Were Confident That Age of Universe is 13.8 Billion Years
As anyone who watched the Big Bang Theory sitcom knows, the expert consensus is that “nearly 14 billion years ago, expansion started. Wait!” To be exact, cosmologists have been reasonably confident that the age of the Universe is very close to 13.8 billion years.
Now a new study from the University of Oregon is challenging that number. The Astronomical Journal has published the results of a study led by Professor Jim Schombert.
Professor Schombert and his team used data from the Spitzer Telescope to benchmark more accurate distances to 50 galaxies. Then they used those figures to determine the distances to 90 more.
More Accurate Distances to 50 Galaxies
Astronomers can tell a lot of things about a star just by looking at it with a telescope. Frustratingly, they can’t say how far away it is that way.
Instead, they have to come up with specific categories of reference stars whose brightness and other characteristics are very consistent. They can calculate how far away these guide stars are. Then they use a kind of ladder technique to word stepwise and get the distances to galaxies and other distant objects.

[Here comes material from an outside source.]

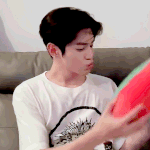 [NCT즌] 툥 <b>입술</b> 내밀고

Professor Schombert explains, “The distance scale problem, as it is known, is incredibly difficult because the distances to galaxies are vast and the signposts for their distances are faint and hard to calibrate.” To address this, Schombert and his colleagues created a new mathematical model.
New Estimate for Hubble Constant at 75.1
Using these new measurements and equations, the team believes that they can better account for the rotational curves of spiral galaxies and their mass. They’ve come up with a new estimate for the Hubble Constant at 75.1 km/s/Mpsc.

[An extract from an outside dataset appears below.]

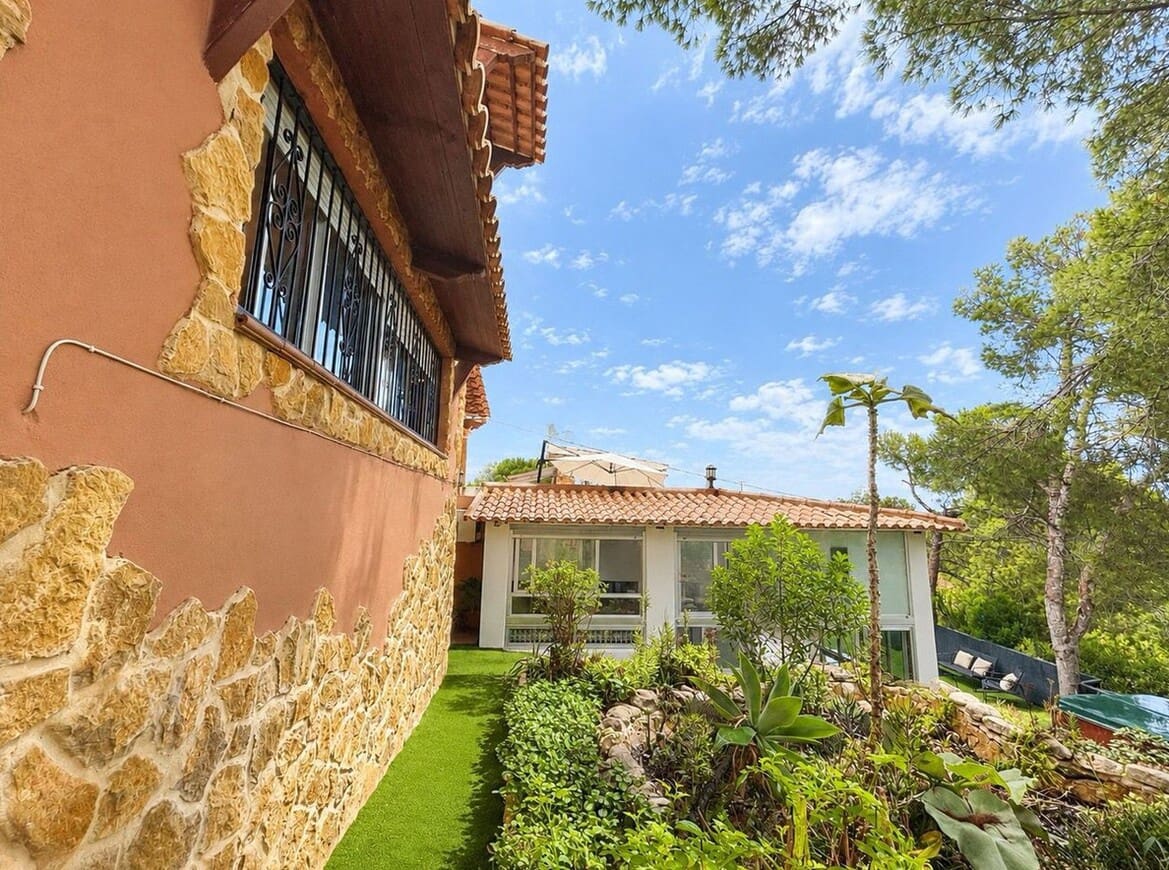 6 camera da letto Villa in vendita in Jacarilla con piscina garage - 495.000 € (Rif: 10173448)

The margin of error on their calculation is 2.3, so the real value could be 72.8 to 77.4. This figure is consistent with other measurements, but it’s a little on the high side compared to the others.
It stands to reason that if the expansion is faster than we had realized, the Universe must be younger. The age of the Universe based on this new study is 12.6 billion years.
Rule Out Any Estimates Below 70
The team also found that, based on their statistical analysis, cosmologists should rule out any estimates of the Hubble Constant that fall below 70 km/s/Mpsc. That has some important implications.
There’s a school of thought that we can measure the Hubble Constant based on the Cosmic Microwave Background. That’s the energy left over from the Big Bang that we can still detect as static in the background of radio signals.
Scientists who have estimated the Hubble Constant that way have always had results closer to 67 km/s/Mpsc. Scientists have been frustrated because as they refined the two techniques for measuring the Hubble Constant and the age of the Universe, the numbers didn’t move any closer together.
Cosmic Microwave Background Model Inaccurate?
If the team from the University of Oregon is right, the calculations based on the cosmic microwave background are inaccurate. Cosmologists need to take a hard look at why that might be.
It’s looking like we’re closing in on a Hubble Constant in or around the mid-seventies. The result of that is that the age of the Universe is younger than everyone thought.
The age of the Universe is itself a benchmark for many other things. For example, if we can determine the age of a celestial body, then based on the age of the Universe, we can tell how soon the object formed after the Big Bang.
Answers to a Wide Range of Astronomical Questions
Doing this with a range of astronomical targets gives us a sense of the sequence in which the Universe formed right up to the present day. Having an accurate narrative about each phase that the Universe has gone through provides answers to a wide range of astronomical questions.
Professor Schombert and his team are presenting their findings with a great deal of humility. He explained, “Our resulting value is on the high side of the different schools of cosmology, signalling that our understanding of the physics of the Universe is incomplete with the hope of new physics in the future.”
We always have more to learn if we dare to know.